- EXERCISE
Take the entries below and reproduce exactly the portion that begins at the line containing "Sgabello loop Veca" and ends at the line containing "Geterogen kimyoviy muvozanat 3", keeping both ends, dropping pictures, and adding nothing else.

- DATA SUPPLIED
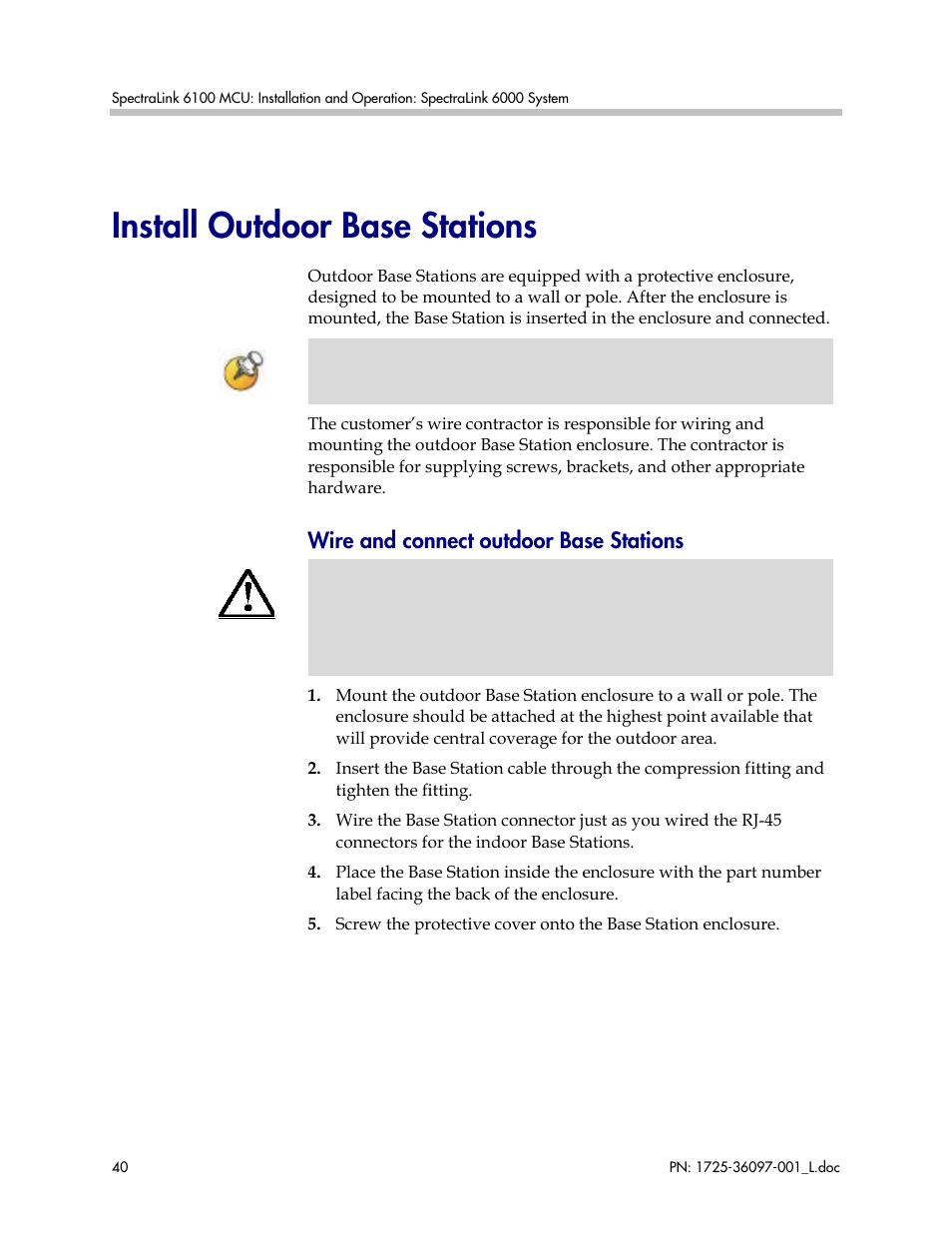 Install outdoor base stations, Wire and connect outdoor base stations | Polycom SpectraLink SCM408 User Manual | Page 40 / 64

* * *

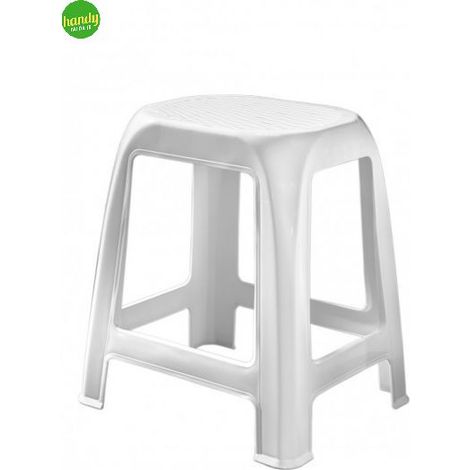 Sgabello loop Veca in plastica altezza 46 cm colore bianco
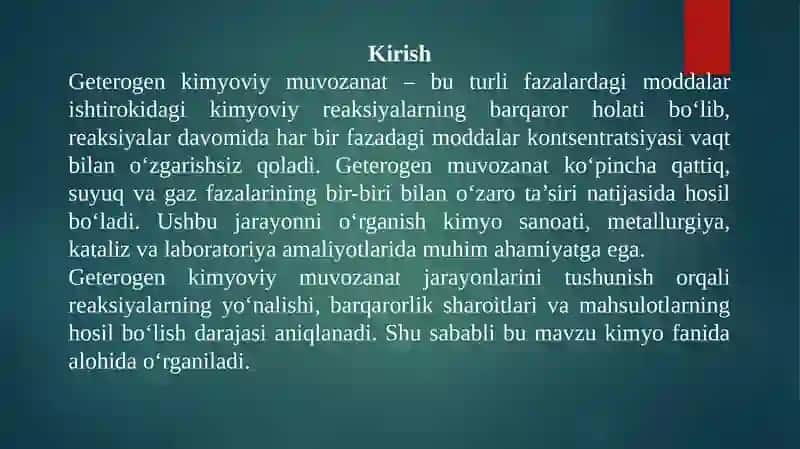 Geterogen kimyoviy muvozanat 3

- TASK RESULT
 Sgabello loop Veca in plastica altezza 46 cm colore bianco
 Geterogen kimyoviy muvozanat 3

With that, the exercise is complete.